While the footage, and the interviews, were fascinating, the documentary seems to lack something: drama. Yes, there’s the thrill of the launch and landing, but by the time viewers saw the final episode the mission the crew had been safely back for a week and a half. Rarely over the course of training and the flight itself do you see the crew dealing with setbacks or problems, or even disagreements among themselves.
And we know that, while the mission was highly successful, it wasn’t perfect. During a post-splashdown call, SpaceX and Inspiration4 officials acknowledged a minor problem with the spacecraft’s toilet: not a mission-ending issue but something that the crew and ground controllers had to address. That doesn’t come up in the show, which instead shows the crew holding video conferences with their families and St.
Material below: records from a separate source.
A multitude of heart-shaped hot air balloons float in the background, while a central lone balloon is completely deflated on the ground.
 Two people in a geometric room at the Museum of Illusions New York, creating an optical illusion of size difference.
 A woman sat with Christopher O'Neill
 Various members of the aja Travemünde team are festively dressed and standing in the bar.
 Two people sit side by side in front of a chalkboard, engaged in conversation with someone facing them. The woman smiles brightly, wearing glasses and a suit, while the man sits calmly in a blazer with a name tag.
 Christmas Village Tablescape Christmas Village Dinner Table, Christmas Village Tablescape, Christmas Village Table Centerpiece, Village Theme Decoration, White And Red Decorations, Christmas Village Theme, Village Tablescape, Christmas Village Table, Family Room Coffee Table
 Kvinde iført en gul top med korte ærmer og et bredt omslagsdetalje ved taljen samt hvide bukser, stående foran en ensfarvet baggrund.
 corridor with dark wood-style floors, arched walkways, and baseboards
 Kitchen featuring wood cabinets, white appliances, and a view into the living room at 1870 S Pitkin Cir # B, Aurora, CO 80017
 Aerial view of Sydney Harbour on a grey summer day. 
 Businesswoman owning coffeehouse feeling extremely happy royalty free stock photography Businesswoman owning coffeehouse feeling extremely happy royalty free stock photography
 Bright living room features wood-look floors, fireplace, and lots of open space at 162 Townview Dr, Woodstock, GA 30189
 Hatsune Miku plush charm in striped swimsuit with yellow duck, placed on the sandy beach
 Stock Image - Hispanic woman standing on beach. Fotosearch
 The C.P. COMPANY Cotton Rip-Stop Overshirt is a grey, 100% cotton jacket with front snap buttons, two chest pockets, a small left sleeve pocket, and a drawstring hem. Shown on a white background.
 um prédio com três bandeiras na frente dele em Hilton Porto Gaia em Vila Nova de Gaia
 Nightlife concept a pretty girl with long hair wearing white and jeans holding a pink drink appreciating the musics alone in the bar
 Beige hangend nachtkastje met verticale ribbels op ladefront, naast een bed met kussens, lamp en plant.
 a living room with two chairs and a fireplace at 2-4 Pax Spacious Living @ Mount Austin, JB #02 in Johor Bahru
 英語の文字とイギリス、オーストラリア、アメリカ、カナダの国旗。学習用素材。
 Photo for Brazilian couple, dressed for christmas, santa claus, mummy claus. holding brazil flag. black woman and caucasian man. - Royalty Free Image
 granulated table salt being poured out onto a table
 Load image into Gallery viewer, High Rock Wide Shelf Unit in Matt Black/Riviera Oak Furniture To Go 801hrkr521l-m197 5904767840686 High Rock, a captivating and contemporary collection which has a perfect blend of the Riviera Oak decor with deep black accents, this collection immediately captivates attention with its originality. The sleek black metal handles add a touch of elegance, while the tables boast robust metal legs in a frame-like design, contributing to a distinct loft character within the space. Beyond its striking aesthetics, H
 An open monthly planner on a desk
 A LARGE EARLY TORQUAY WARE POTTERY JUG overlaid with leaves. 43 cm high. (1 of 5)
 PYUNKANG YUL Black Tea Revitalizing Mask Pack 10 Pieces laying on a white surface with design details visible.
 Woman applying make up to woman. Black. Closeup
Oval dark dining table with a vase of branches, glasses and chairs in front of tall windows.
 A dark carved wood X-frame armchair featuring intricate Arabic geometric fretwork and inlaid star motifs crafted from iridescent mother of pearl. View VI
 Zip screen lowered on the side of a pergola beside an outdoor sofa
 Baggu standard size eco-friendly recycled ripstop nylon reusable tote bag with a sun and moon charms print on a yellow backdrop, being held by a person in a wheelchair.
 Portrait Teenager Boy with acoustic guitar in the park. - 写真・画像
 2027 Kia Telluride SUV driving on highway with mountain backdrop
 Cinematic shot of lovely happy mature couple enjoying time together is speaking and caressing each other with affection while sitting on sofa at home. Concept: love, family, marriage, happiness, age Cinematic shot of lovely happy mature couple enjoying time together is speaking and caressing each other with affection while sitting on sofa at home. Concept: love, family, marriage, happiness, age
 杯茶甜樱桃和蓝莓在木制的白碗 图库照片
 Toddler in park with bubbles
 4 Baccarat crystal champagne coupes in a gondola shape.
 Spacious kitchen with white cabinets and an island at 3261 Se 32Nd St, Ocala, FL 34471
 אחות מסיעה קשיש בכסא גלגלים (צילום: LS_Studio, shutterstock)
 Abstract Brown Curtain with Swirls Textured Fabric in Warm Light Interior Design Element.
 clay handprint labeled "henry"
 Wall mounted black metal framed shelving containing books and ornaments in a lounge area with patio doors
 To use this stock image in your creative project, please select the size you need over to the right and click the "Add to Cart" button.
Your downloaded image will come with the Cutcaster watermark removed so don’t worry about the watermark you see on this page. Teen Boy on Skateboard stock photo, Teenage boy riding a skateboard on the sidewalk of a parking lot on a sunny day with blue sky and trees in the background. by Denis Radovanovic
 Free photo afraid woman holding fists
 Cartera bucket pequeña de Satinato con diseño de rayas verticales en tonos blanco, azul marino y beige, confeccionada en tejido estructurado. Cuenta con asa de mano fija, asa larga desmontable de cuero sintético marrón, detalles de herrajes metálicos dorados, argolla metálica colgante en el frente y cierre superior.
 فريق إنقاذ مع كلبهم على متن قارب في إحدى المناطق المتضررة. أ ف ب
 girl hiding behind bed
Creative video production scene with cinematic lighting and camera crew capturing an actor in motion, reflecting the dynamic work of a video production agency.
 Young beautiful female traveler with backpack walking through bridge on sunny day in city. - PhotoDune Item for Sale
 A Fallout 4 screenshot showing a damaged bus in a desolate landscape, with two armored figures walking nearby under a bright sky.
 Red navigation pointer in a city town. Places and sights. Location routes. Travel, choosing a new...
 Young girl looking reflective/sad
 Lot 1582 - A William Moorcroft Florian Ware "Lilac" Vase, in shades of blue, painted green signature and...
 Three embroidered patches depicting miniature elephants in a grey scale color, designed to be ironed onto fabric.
Jude patients, playing with their food in weightlessness, and looking out the window.
Similarly, in that media call, Inspiration4’s Todd Ericson suggested that at least some of the crew experienced spacesickness, saying that the crew was “tracking on target to NASA astronauts”; past studies have indicated half or more of NASA astronauts experience spacesickness to some degree in their first few days in space. But in none of the footage did anyone on Inspiration4 look sick, and the topic never came up.
The documentary also leaves unanswered other questions about the mission, like its origins. Isaacman said he was long interested in space and attended a 2008 Soyuz launch whose crew included private astronaut Richard Garriott. But in the documentary he’s vague about how the mission got started. He said he mentioned he was on a call last year with SpaceX “not related to me going to space or any human going to space” where he offhandedly mentions he would be interested in going to space. “Actually, we might be a lot more ready than you might think, and if you want you have the opportunity to be the first,” he said he recalls them saying. He never says what that unrelated discussion was about—he runs a payment processing company, so his professional overlap with SpaceX would be limited—or just how that comment turned into a contract. (A slide visible in a meeting shown later in the first episode shows that the contract was signed in November 2020, with a kickoff meeting in January, just before SpaceX and Inspiration4 publicly announced the mission.)
Countdown: Inspiration4 Mission to Space is, in some respects, something of a throwback to the early days of spaceflight. The Mercury 7 astronauts had an exclusive contract with Life magazine, giving the magazine special access to the astronauts and their families in exchange for glowing, and sanitized, coverage of them. That was an approach later discontinued by NASA after criticism from other publications. The difference is that, in this new era of private human spaceflight, companies are well within their rights to set up exclusive media deals and decide with whom they want to work. But there is a value in openness that goes beyond the monetary value of any exclusive arrangement, one that spaceflight companies would do well to consider in the future.